Photo by tbridge on Flickr.

This week the Gray transition team announced its picks for Deputy Mayor for Education, De’Shawn Wright, and State Superintendent of Education, Hosanna Mahaley.

These selections round out the District’s education policy team, along with Kaya Henderson, whom Gray plans to keep as Interim Chancellor for at least the short term. These picks show that the incoming mayor is serious about education reform.

The three of them make an amazing team with strong resumes and great promise. Both Wright and Mahaley have worked closely with mayors on education reform (with Cory Booker in Newark and Richard M. Daley in Chicago, respectively). They both have experience channeling private philanthropy to urban education.

But it won’t be an easy road for any of these appointees.

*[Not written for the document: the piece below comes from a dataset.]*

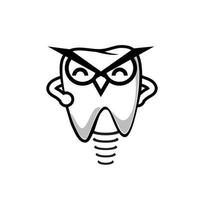 hibou combiner avec la conception de logo de dent pour dentiste stomatologie logos de clinique dentaire illustration de modèle de vecteur médical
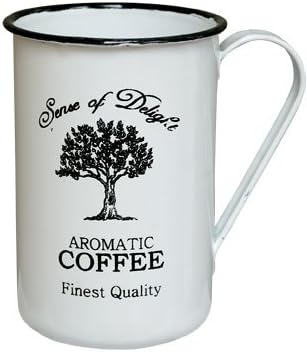 6 Enamelware Coffee Cups. Vintage Style Coffee Cup Set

Henderson will face the twin tests of working within the new Mayor’s collaborative style and advancing a reform agenda with a more confrontational union president, Nathan Saunders. With a contract already ratified, she should have some breathing room on the major union issues, but budget pressure will force hard choices over the coming year.

The Deputy Mayor for Education (DME) position is one that remains to be defined under a new administration. We’ve questioned the purpose of a DME when you already have strong leaders in the state and local education agencies appointed by and serving at the pleasure of the Mayor, but there are two ways in which a DME in the Gray Administration can be effective.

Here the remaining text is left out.